What you should do: Below are lines of records; copy exactly those from the one containing "Used Ford Ranger" through the one containing "LastPatriot17's tweet photo.", leaving the pictures behind.
====== Given data ======
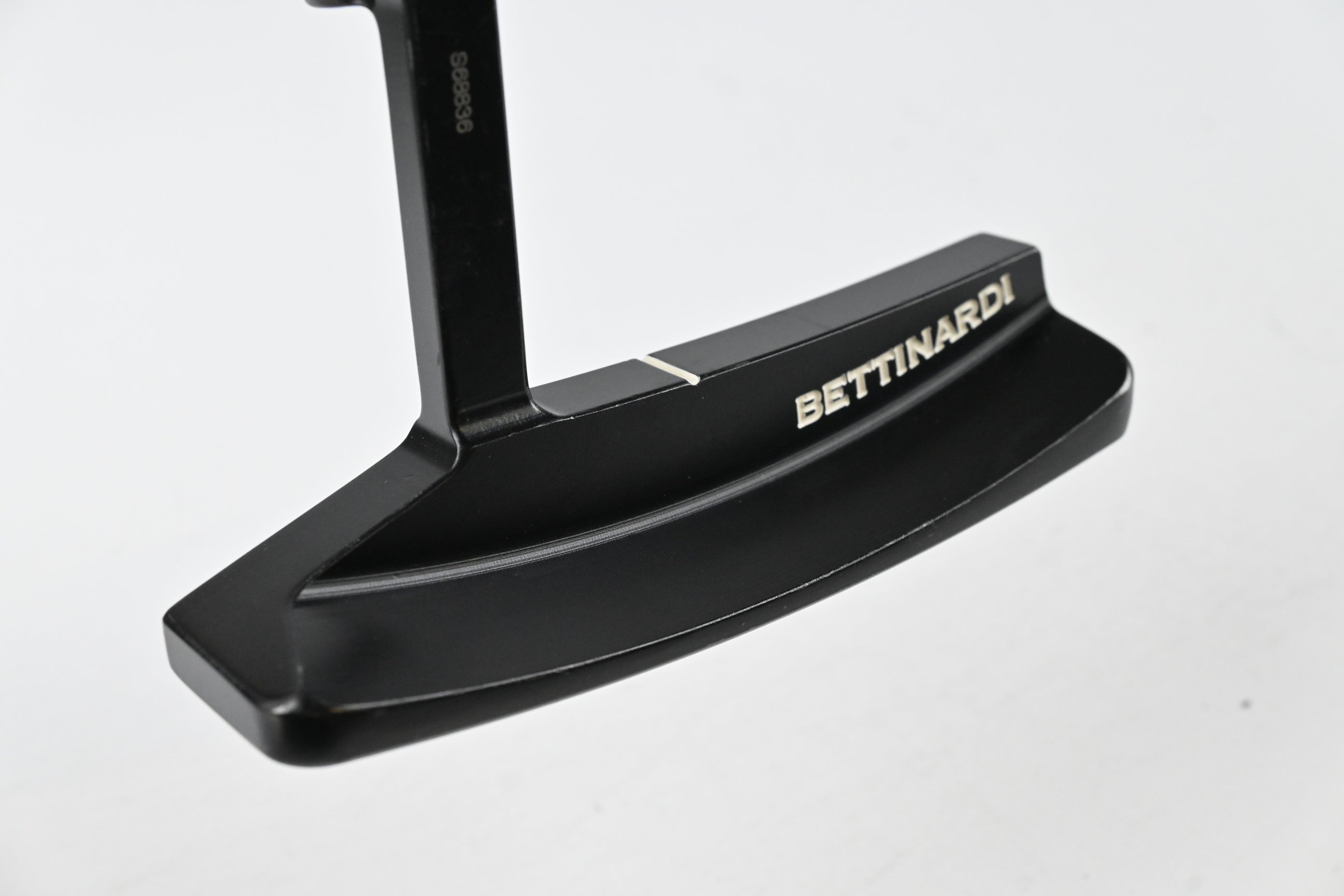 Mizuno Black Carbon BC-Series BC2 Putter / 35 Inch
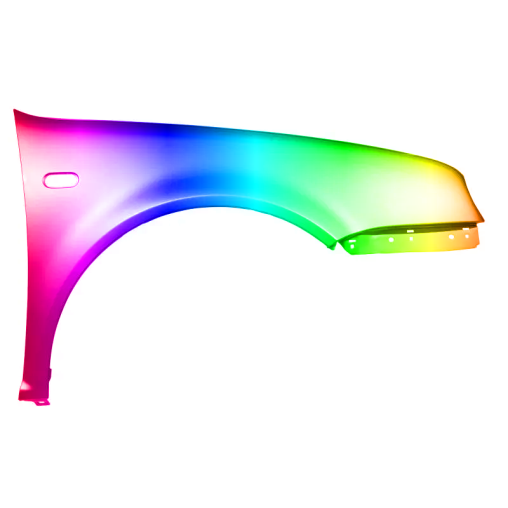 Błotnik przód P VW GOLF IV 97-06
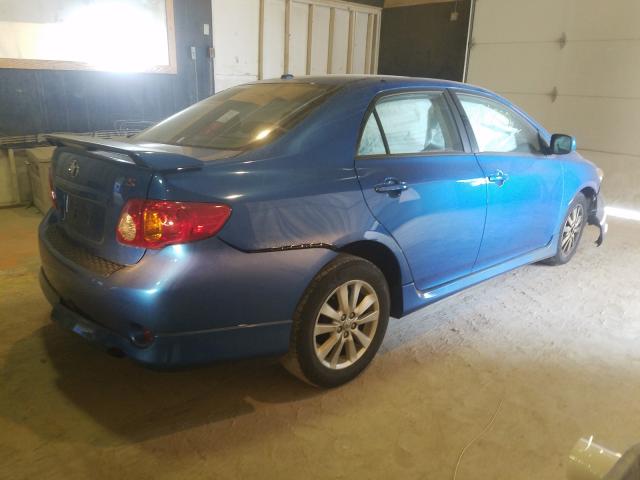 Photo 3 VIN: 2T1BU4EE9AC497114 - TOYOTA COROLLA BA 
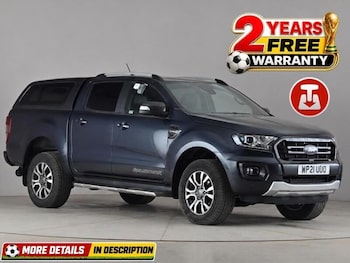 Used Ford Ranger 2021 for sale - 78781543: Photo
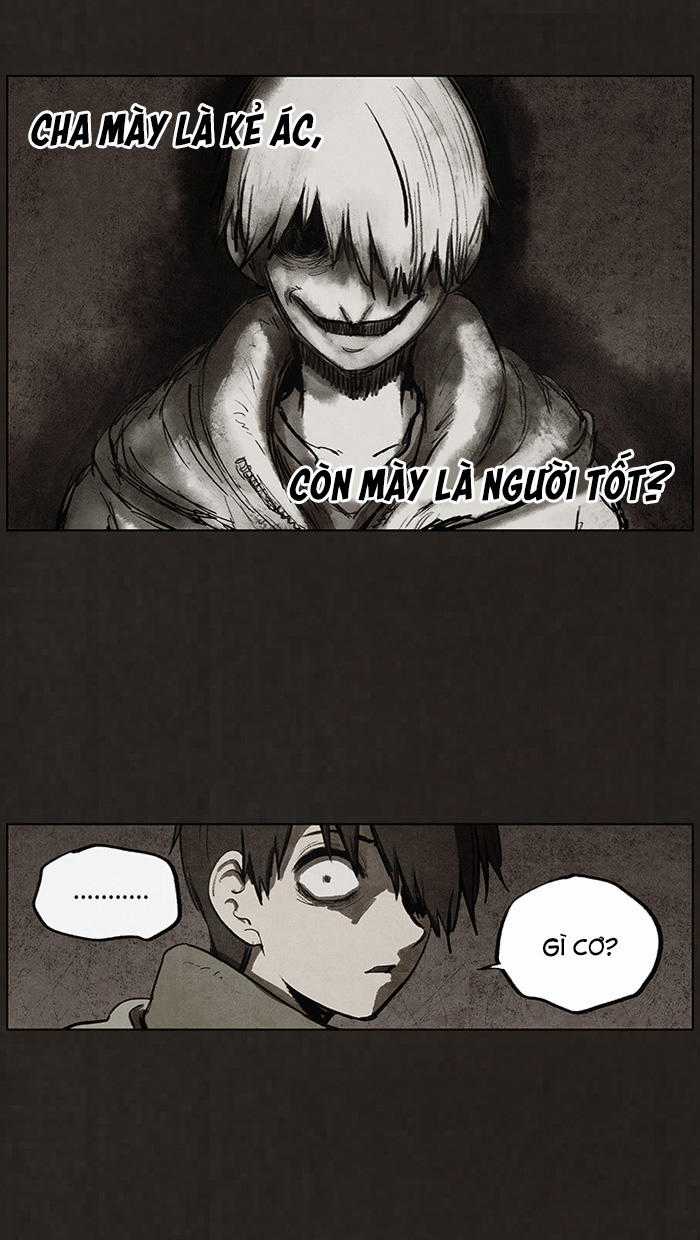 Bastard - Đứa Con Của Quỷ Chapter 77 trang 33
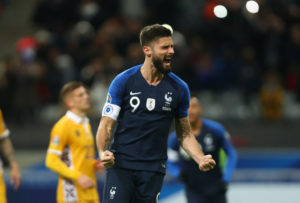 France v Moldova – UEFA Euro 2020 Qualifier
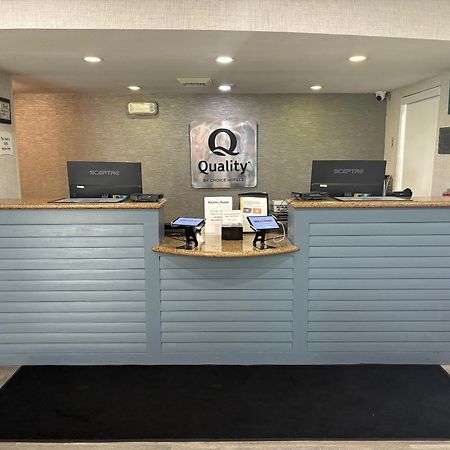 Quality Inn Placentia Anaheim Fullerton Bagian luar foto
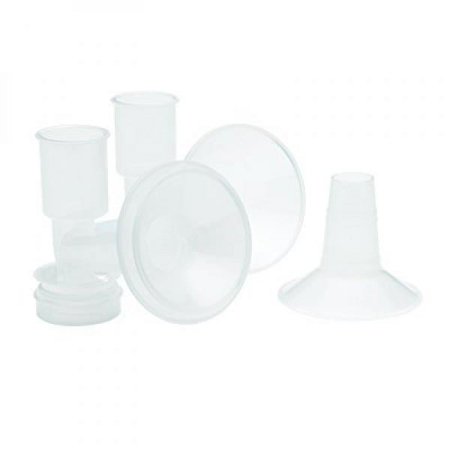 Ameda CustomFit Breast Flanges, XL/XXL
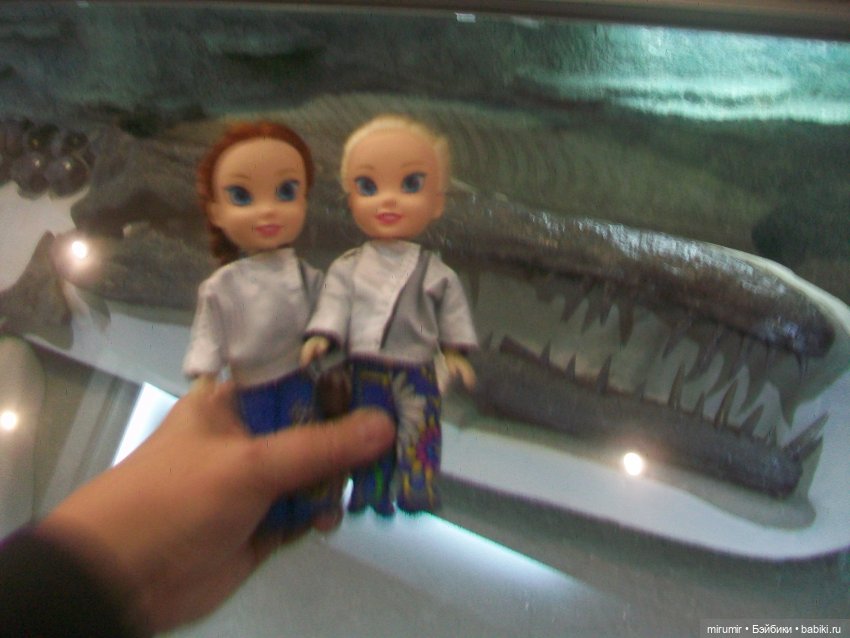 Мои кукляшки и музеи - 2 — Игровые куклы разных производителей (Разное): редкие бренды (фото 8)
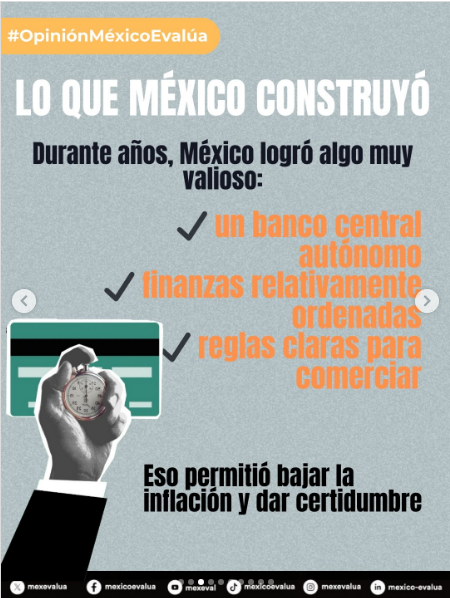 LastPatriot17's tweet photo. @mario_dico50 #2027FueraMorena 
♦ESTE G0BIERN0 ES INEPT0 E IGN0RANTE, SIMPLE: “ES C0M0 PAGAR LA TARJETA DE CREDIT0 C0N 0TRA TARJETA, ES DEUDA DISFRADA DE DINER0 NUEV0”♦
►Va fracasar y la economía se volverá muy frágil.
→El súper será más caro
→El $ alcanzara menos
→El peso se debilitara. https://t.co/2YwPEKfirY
======
====== Given data ======
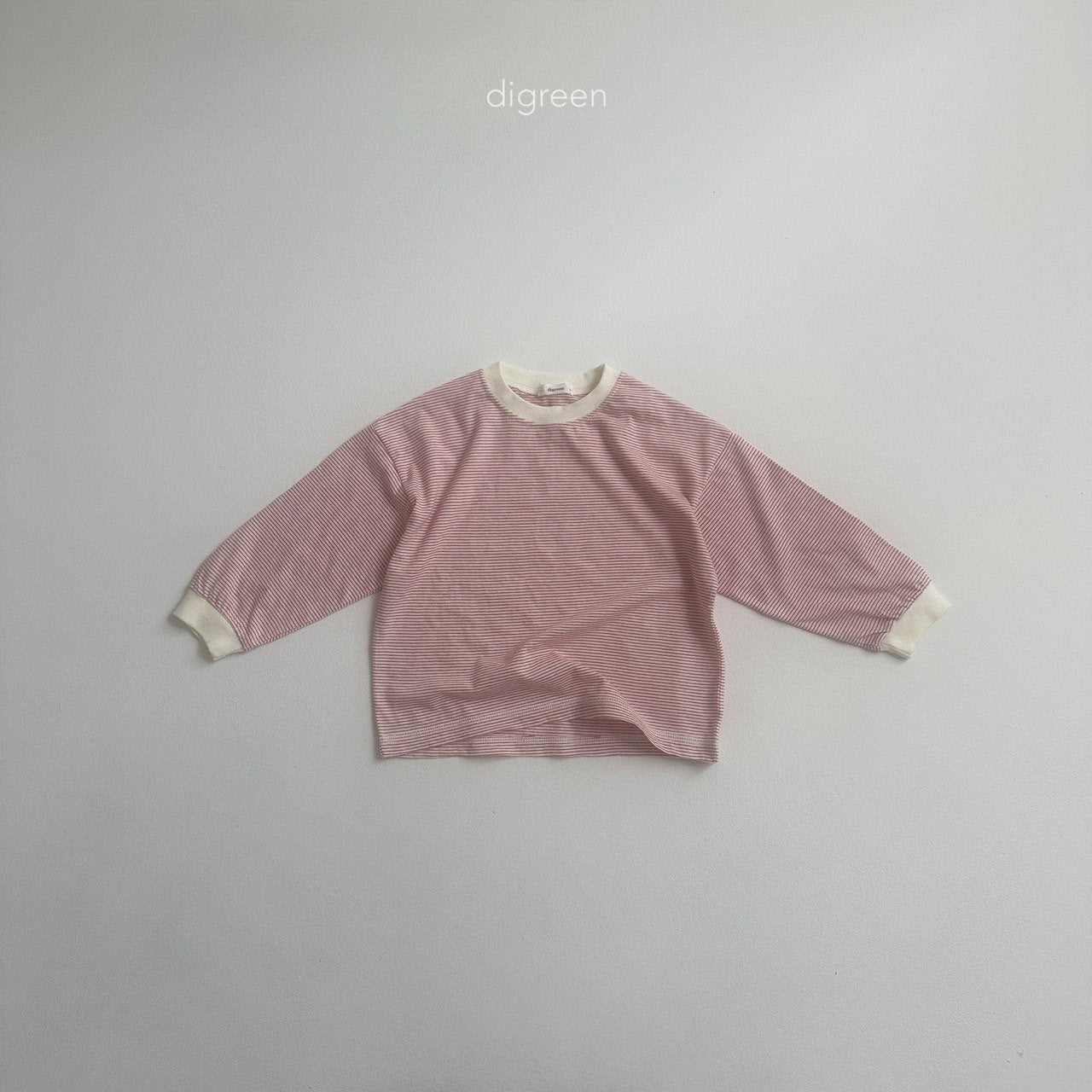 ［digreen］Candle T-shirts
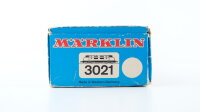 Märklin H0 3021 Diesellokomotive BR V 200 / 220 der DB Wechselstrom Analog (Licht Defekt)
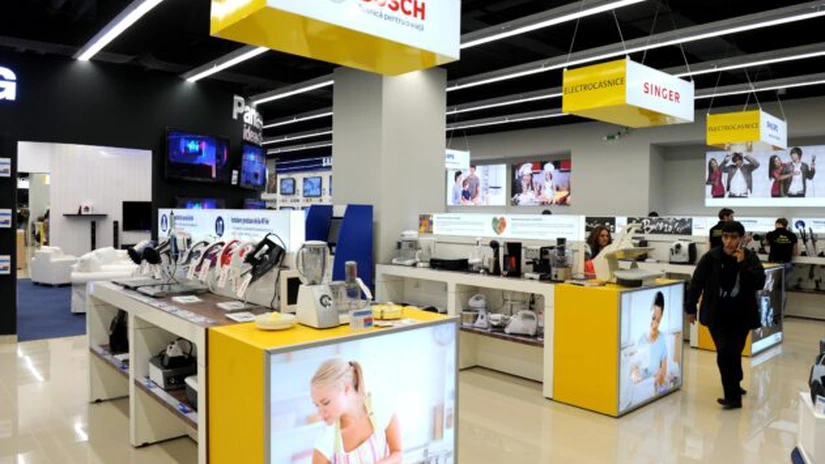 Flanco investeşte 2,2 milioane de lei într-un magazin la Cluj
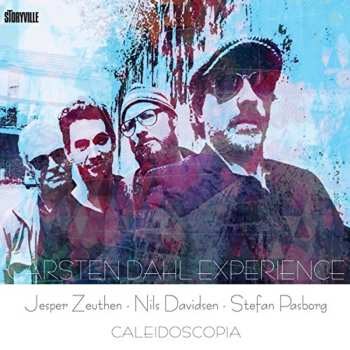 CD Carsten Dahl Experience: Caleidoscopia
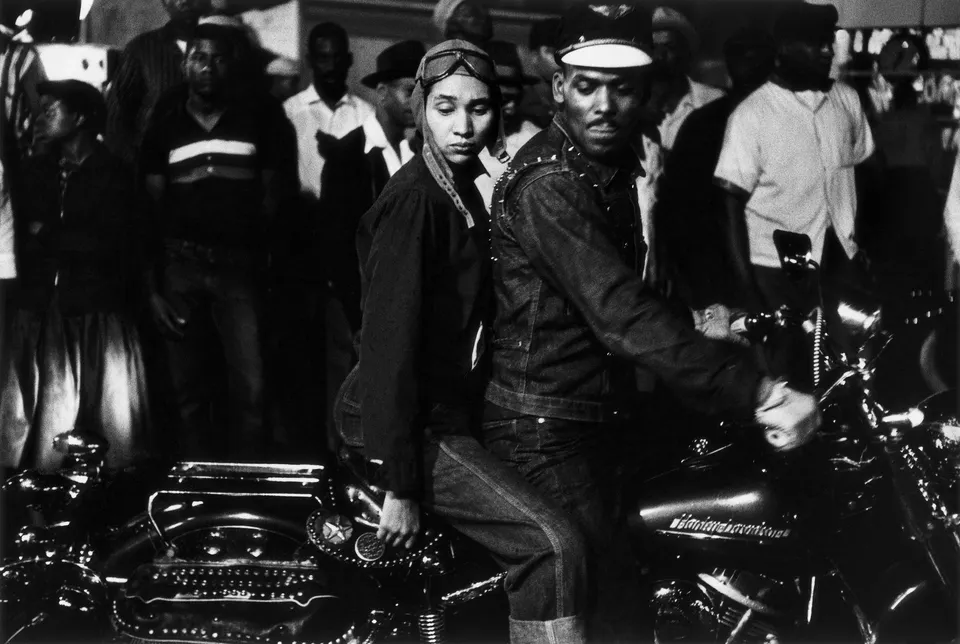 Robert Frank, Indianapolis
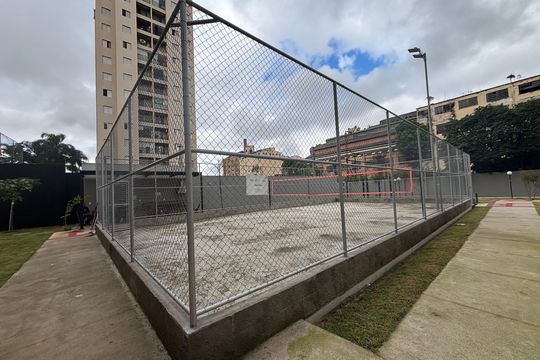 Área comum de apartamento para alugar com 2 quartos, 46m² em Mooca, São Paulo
======
Exercise result:
 Used Ford Ranger 2021 for sale - 78781543: Photo
 Bastard - Đứa Con Của Quỷ Chapter 77 trang 33
 France v Moldova – UEFA Euro 2020 Qualifier
 Quality Inn Placentia Anaheim Fullerton Bagian luar foto
 Ameda CustomFit Breast Flanges, XL/XXL
 Мои кукляшки и музеи - 2 — Игровые куклы разных производителей (Разное): редкие бренды (фото 8)
 LastPatriot17's tweet photo. @mario_dico50 #2027FueraMorena 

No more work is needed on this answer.